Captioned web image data

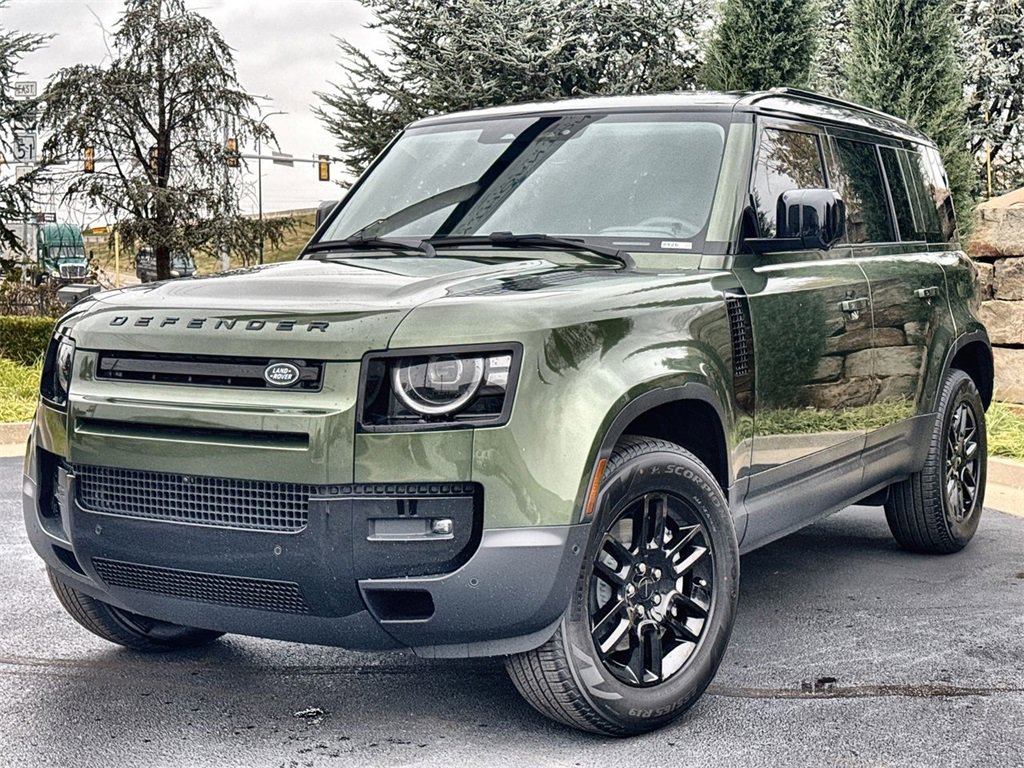 Used 2026 Land Rover Defender 110 S image 1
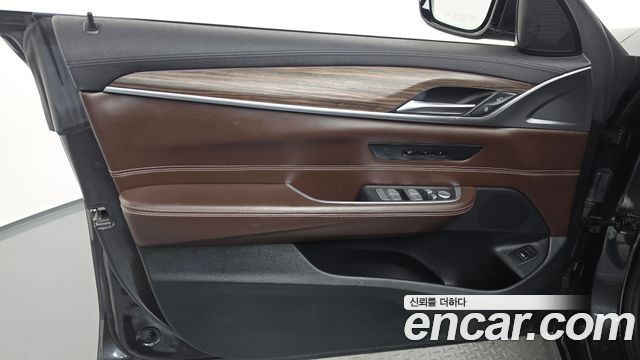 BMW 6 Series GT (G32) 620d Luxury 2020 — фото 24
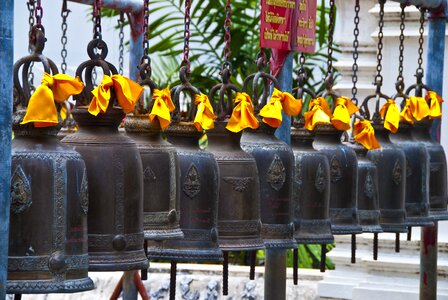 Travel prayer campaigns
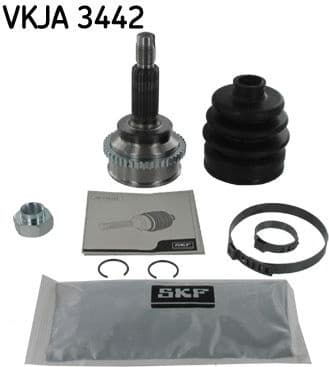 Joint Kit, drive shaft VKJA 3442 - image 2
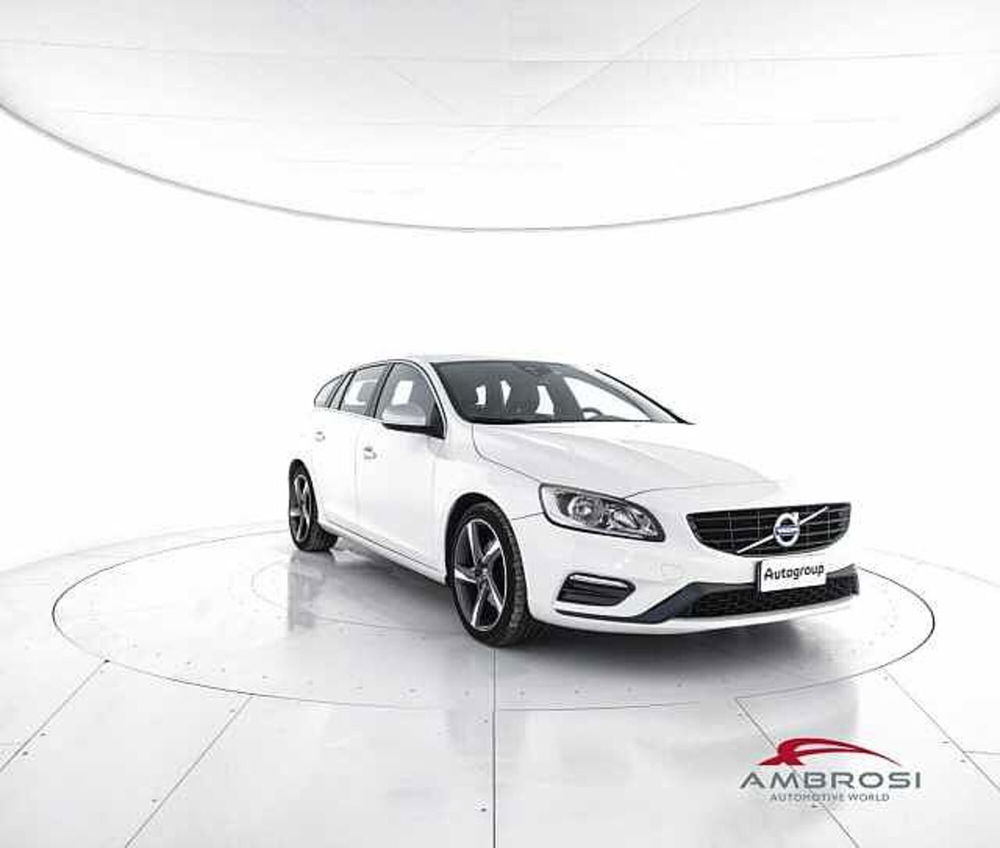 Volvo V60 usata a Viterbo (2)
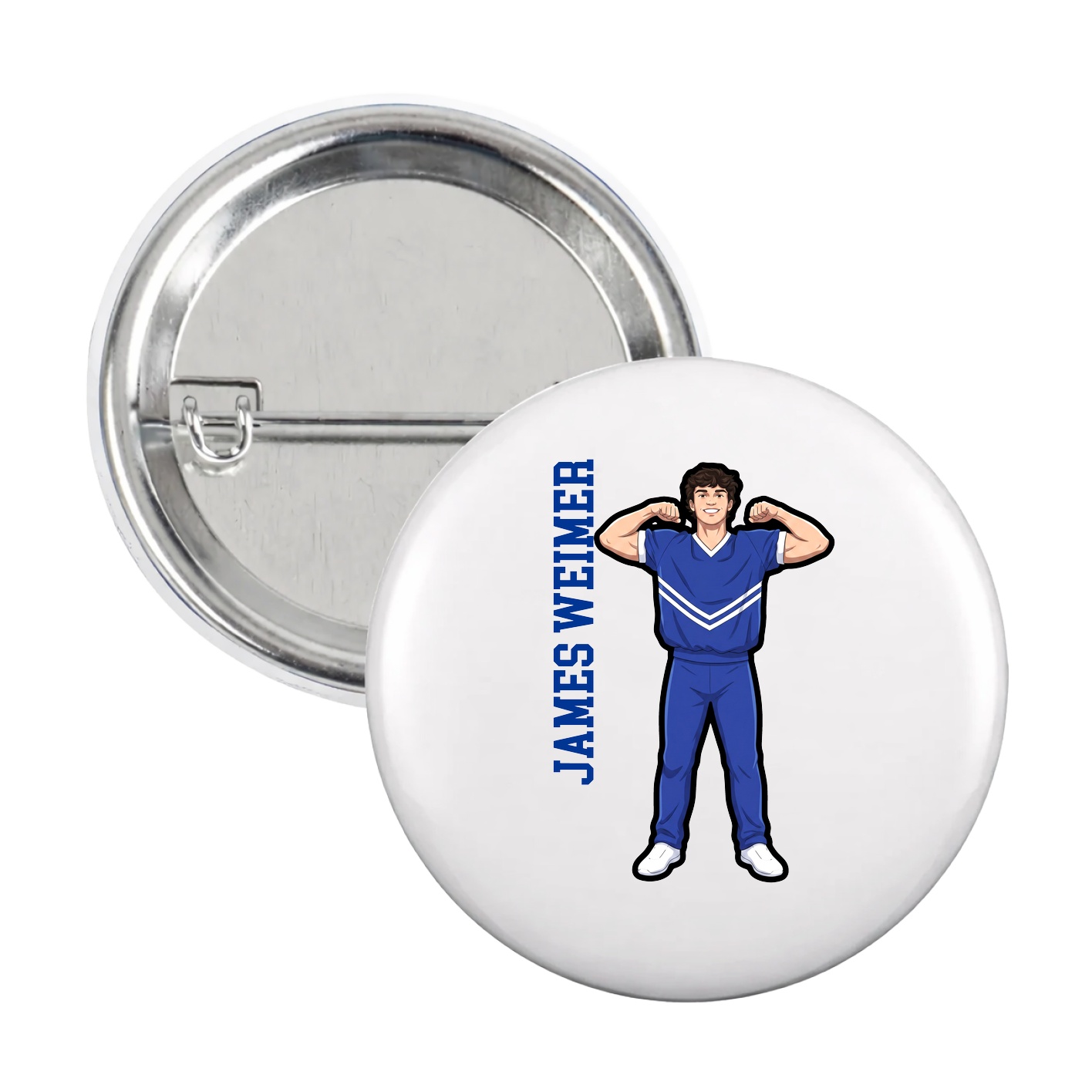Game Day Button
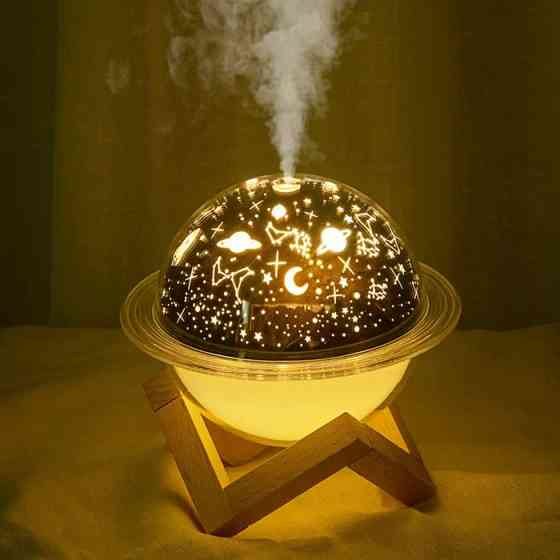 Детские необычные ночники сатурн, Ночник детский интерессный, Ночник для детей настольный KJ-98 Ивано-Франковск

● EXERCISE:
Each entry gets copied exactly; the pictures stay out.

● ANSWER BELOW:
 Used 2026 Land Rover Defender 110 S image 1
 BMW 6 Series GT (G32) 620d Luxury 2020 — фото 24
 Travel prayer campaigns
 Joint Kit, drive shaft VKJA 3442 - image 2
 Volvo V60 usata a Viterbo (2)
Game Day Button
 Детские необычные ночники сатурн, Ночник детский интерессный, Ночник для детей настольный KJ-98 Ивано-Франковск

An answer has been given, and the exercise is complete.